As the IRS has made improvements over the last year, in no small part due to an infusion of funding from the Inflation Reduction Act, “despair has turned to cautious optimism,” National Taxpayer Advocate Erin Collins wrote this year in her report to Congress. To commemorate his first year as commissioner, Danny Werfel sat for an interview with The Washington Post.
Asked why he thought the agency needed more money than its discretionary budget of $12.3 billion for both fiscal years 2024 and 2025, Werfel said that that was “definitely not enough money." He pointed out that the IRS’s budget is “essentially the same as it’s been since around 2011, 2012 and 2013. …Think about how different the tax system is today versus [how] it was back then.”
The Post asked Werfel about racial disparities in audits, referring to a 2023 study that found that IRS audited Black taxpayers at 2.9 to 4.7 times the rate of non-Black taxpayers. The report came out just as Werfel was preparing for his confirmation.
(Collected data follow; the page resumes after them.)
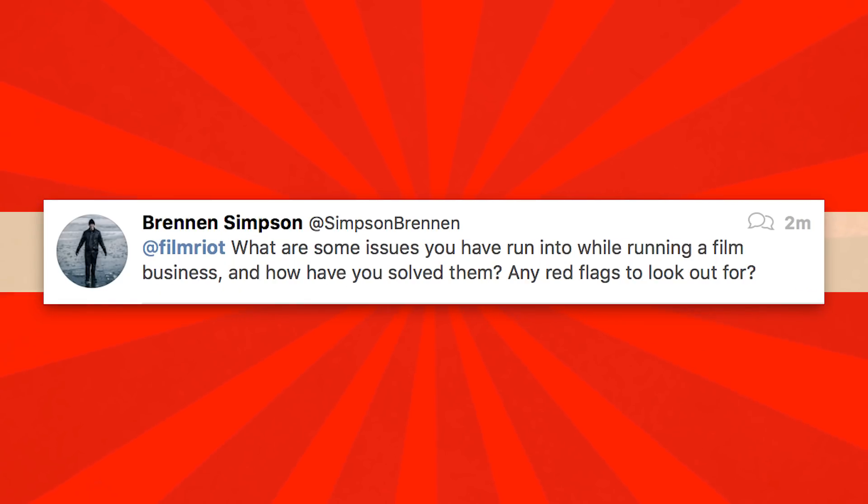Switching gears into questions. First question: what are some issues you've run into while running a film business and how have you solved them? Any red flags to look out for? I think just trusting people you shouldn't trust. I've done a lot of agreements just by the handshake method — that's kind of how I was raised, that your yes is yes, and if you give your word, that's that. Not everyone operates on that level. You do have to make sure you're getting things in writing, especially when it comes to your content. Anything that's your personal creative IP, you're going to want to guard that with your life. People are going to want to own that from you. My rule: if I don't own it, I don't do it.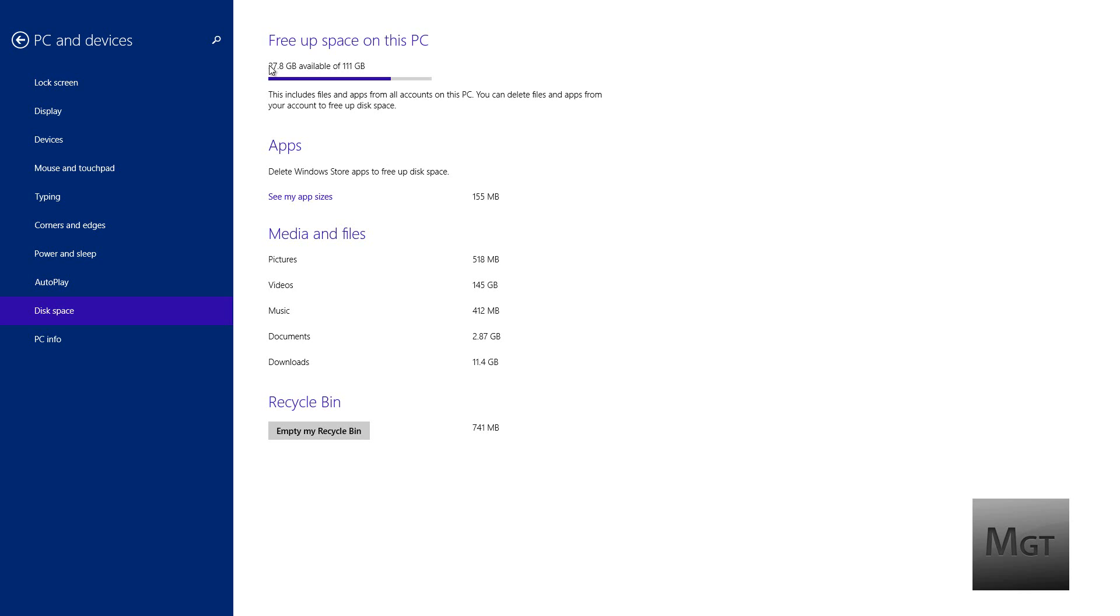But for some reason, as you can see, videos is 145 gigabytes. I only have 111, so that's not possible. It's also reading off of my extra hard drive that's 1.5 terabytes because I set videos to be automatically on that instead of C.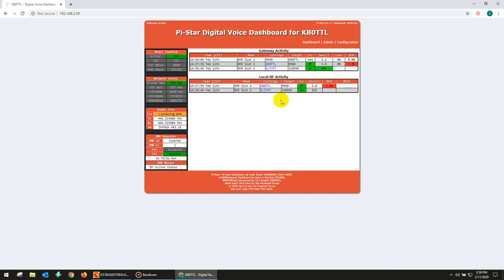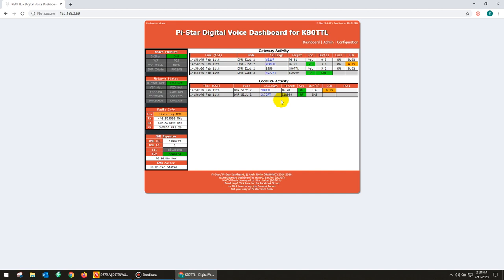Now let's go ahead and switch to a talk group. I'm going to choose worldwide. And yes, you're probably going to hear some activity on worldwide here. This is KB0 TTL. Notice how the DVMega has switched to talk group 91, which is worldwide. I can see a few people are kerchunking on here, but there's not really any activity. And here we have somebody.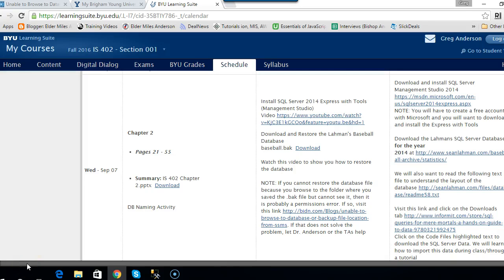Now that you've installed SQL Server 2014 Express with tools — specifically SQL Server Management Studio — let's go and download a database that's been backed up and restore that file.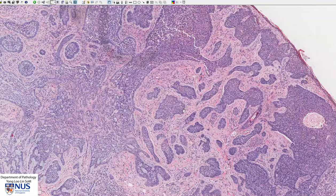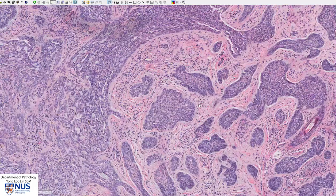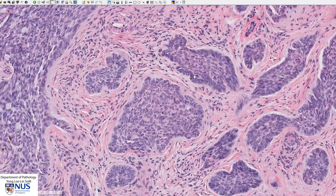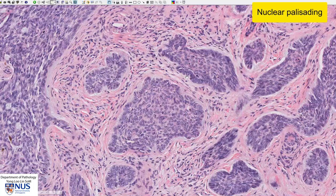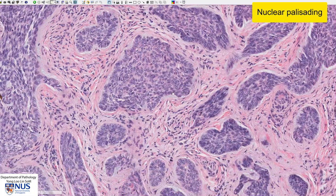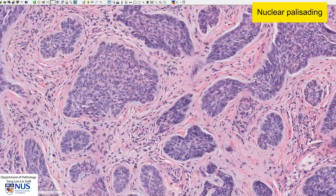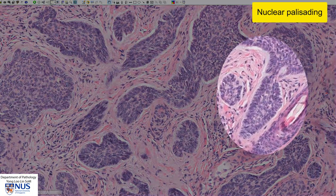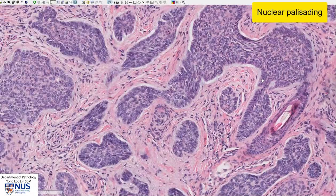One very striking feature is that at the edge of these islands, the nuclei tend to line up vertically. You can see this here, here, here, and you can also see it very clearly here. And this is known as nuclear palisading.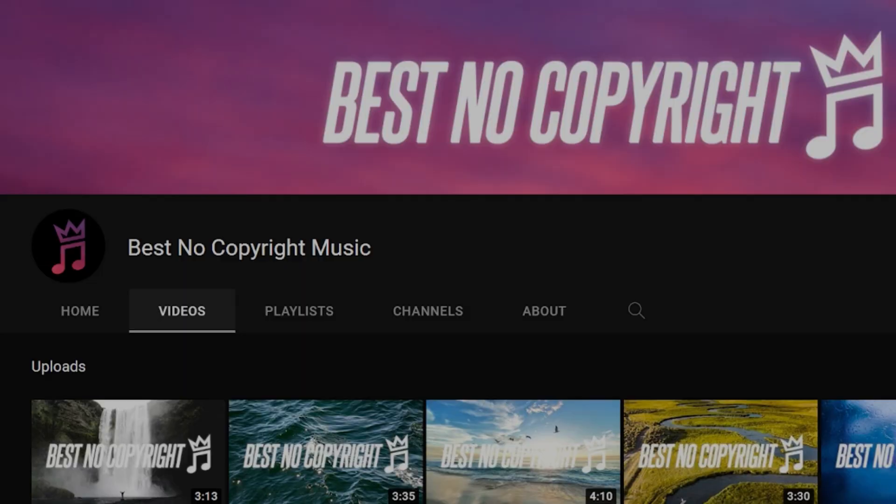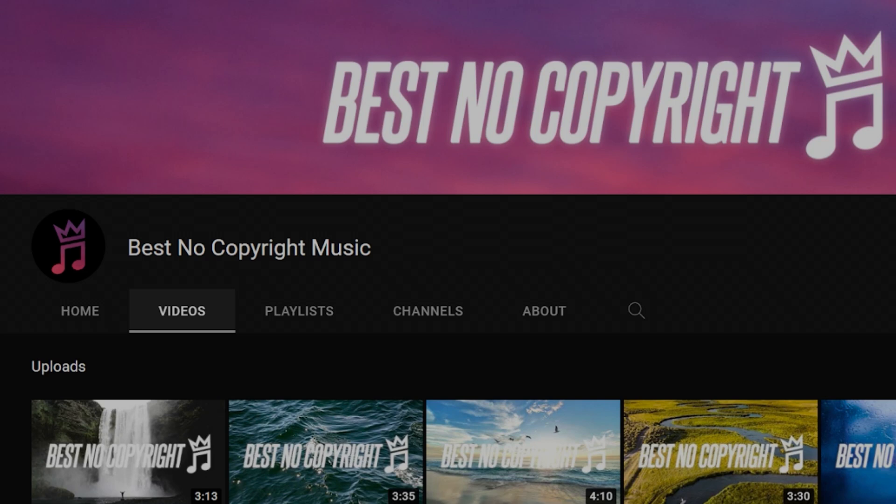This video is sponsored by Best No Copyright Music. I'm often asked where I get the music that I include in my videos — the answer is Best No Copyright Music. Link to their channel is in the description.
After starting the job in May, he submitted a letter to the U.S. Senate Finance Committee stating that “our initial findings support the conclusion that Black taxpayers may be audited at higher rates than would be expected given their share of the population.”
During the interview, Werfel said, "One of the first things we had to do was acknowledge [the problem]. This study is legitimate. The IRS has a significant problem with its approach to audits . . . where these audits are having a disparate impact on Black taxpayers. But acknowledgment wasn’t nearly enough. The first order of business was to dramatically reduce the number of audits” and the second “is to change the underlying math or algorithm that leads to the case selections.” The IRS identified the critical changes to the algorithm that will eliminate the disparity, he said, and now has to test it.
Werfel also pronounced himself “very happy” with Direct File, which has been used by about 60,000 taxpayers so far, claiming more than $30 million in refunds, saving millions in estimated filing fees.
Asked what he hoped to do with this agency in the time that he was in the role, Werfel responded that the IRS’s goal “is not popularity. The goal is to do our jobs most effectively, because we play such a critical role.”
“We have to recognize that it’s in the brochure that the tax collector is not a job that is popular,” he added. “But I want the American people to see us as having a North Star of trying to get better and better at our job so that the game is as fair as possible.”